Chennai: George Town is a locality in Chennai which was the original settlement of the British who established the British East India Company here.

However, there are many temples of historical significance spread around the locality and one such temple which was constructed during the 18th century was Kachaleeswarar Temple.

The temple is located on Agraharam Street in Mannady, George Town. By reading the temple’s history which is placed inside the shrine, we come to know that it was constructed because of an employee of East India Company who was an ardent Siva devotee.

He used to go to Kanchipuram frequently to worship Katchabeshwarar there and once on his way back, he could not return as there was a calamity with severe rain. He had some work to complete but could not do it and waited in Kanchipuram for the rain to stop and flood to recede.

On returning home after a few days, he found all his work completed. He realised that it was Lord Shiva who had assumed his form and wrapped up all the work. He later decided to build the temple in the name of Kachaleeswarar and the temple was constructed by 1720 AD.

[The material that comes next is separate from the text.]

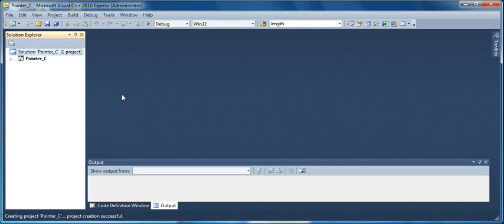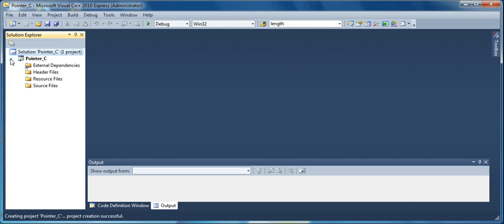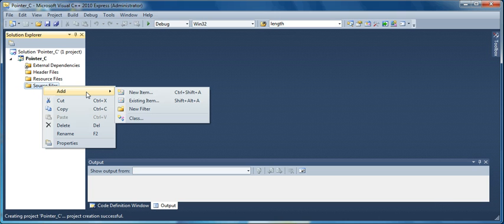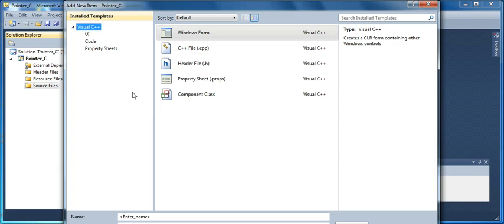So now you see the pointer C, and you expand pointer C. Here you have to add a source file. So you right-click on the source file and you get the option of Add, Add New Items.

Before entering the main shrine, on both the sides of the entrance to the inner prahara, separate sanctums for Lord Sri Moolaganapathy and Valli Devasena Sametha Sengalvarayar are placed on either side.

Upon entering the main shrine, Lord Shiva is found in Linga form and behind him is the five-faced Lord Shiva, bearing the name Sadasiva Moorthi. Near the main sanctum, there is a separate shrine for Goddess Soundarambikai.

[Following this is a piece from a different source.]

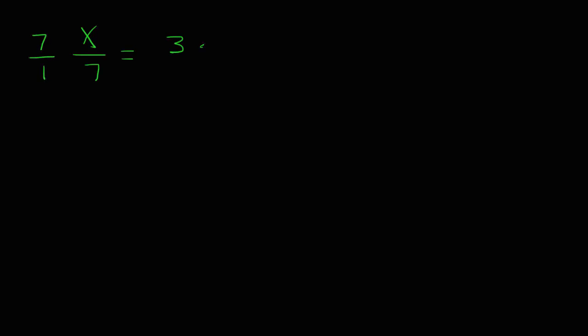Whatever I do to one side of the equation, I must do to the other. So, 1 7th of an x times 7 gets me 1 whole x on my left side, and then I have to multiply the right side by 7 as well. So, this gets us x equals 21.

Opposite the main sanctum, a five-faced Herambha Vinayagar is seen sitting on his simha vehicle with Siddhi and Buddhi Devi on either side.

Close to it is the Navagraha. The Navagraha is also unique as Lord Surya in the centre can be seen with his consorts Usha and Pratyusha. There is a shrine for Lord Bhairava.

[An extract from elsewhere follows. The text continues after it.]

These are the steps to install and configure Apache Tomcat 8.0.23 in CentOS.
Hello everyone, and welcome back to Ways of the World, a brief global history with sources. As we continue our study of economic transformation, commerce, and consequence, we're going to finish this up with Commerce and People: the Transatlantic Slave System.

In the inner praakaara, idols of all the 63 Nayanmars are also placed. On the outer praakaara of the temple, there are separate shrines for Adi Shankarar, Lord Anjaneya and Lord Ayyappa.
There is also a ‘gho’ shala inside the temple.

“Lord Kachaleeswara denotes Shiva who has worshipped in turtle form. During the battle between Devas and Asuras for the divine nectar, Lord Shiva worshipped Mahavishnu in Koorma Avatar and so Shiva bore the name Kachaleeswarar,” says a temple priest.

“Some of the specialities of the temple is those having trouble getting married have their problems sorted out on worshipping the deity here. Rudrabhishekam is performed here which is believed to negate the hurdles in one’s marriage. Also, if childless couples worship the Goddess here, it is believed that their prayers will be answered. This is also a parihara sthala for naga dosha,” added the priest.

Some of the special occasions in the temple include Brahmotsavam in the month of Chithirai. Maha Sivarathiri is celebrated in a grand manner with four kaala poojas and during other occasions like Navarathri, pournami, Shashti, Kirthikai special poojas and abhishekams are performed.

The temple is open from 6.30 am to 11.30 am and from 4 pm to 9.30 pm.